__Brief__
Every line from the one with "C000212-7425S Loafer-Navy Suede - Image 3" through the end of the entries below should be written out exactly; the pictures should not.

——

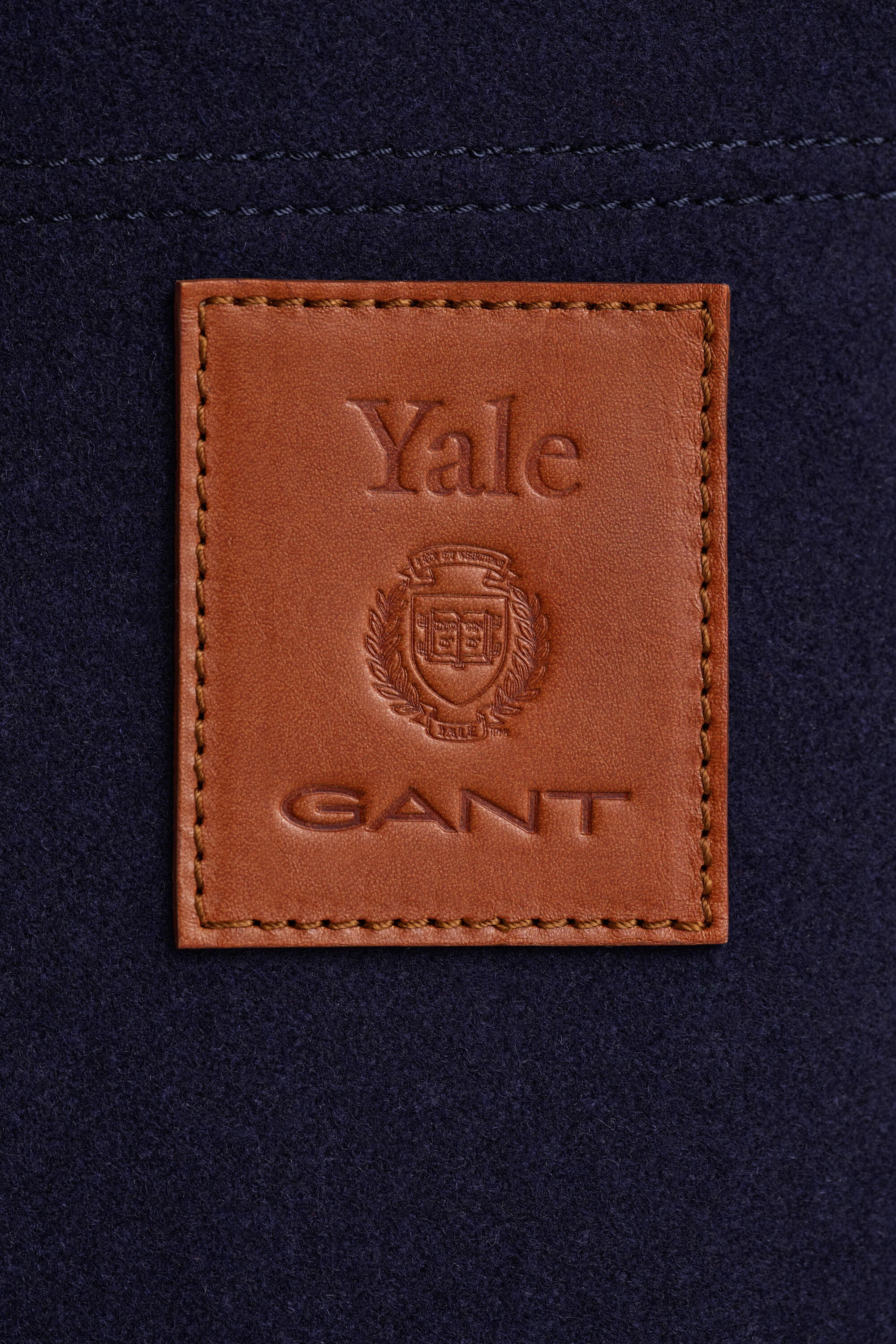 Bolso tote de lana melton Gant x Yale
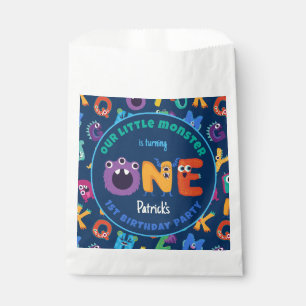 Alphabet Monsters 1st Birthday Our Little Monster Favour Bag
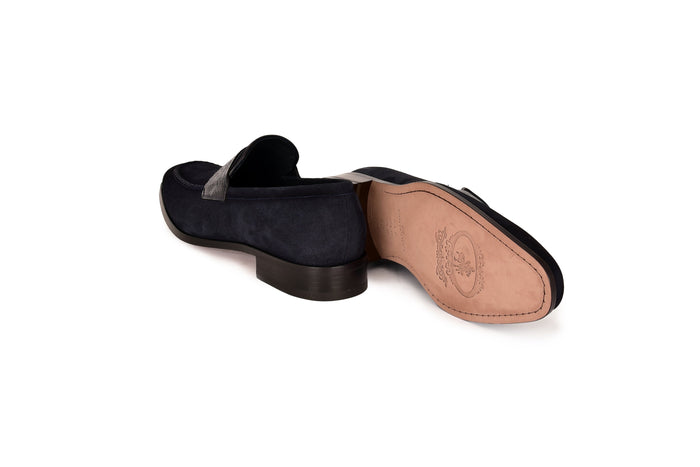C000212-7425S Loafer-Navy Suede - Image 3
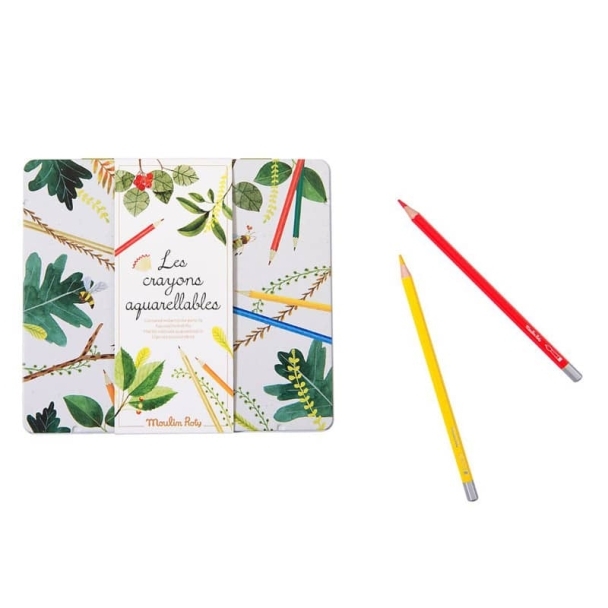 Boite 24 crayons aquarellables Le jardin du Moulin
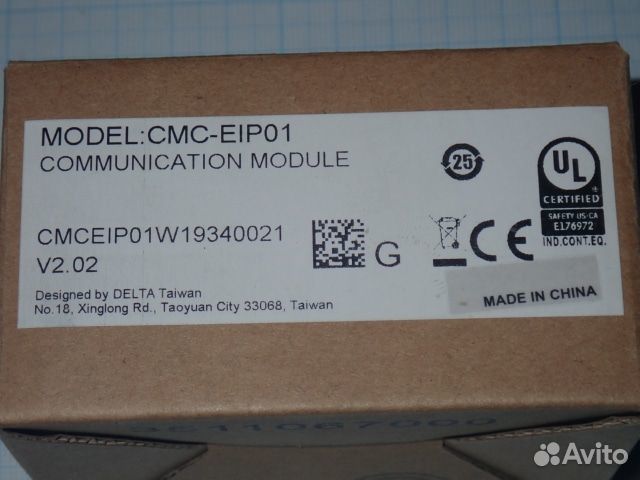 Плата delta Electronics CMC-EIP01 communication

——

__Answer for this exercise__
C000212-7425S Loafer-Navy Suede - Image 3
 Boite 24 crayons aquarellables Le jardin du Moulin
 Плата delta Electronics CMC-EIP01 communication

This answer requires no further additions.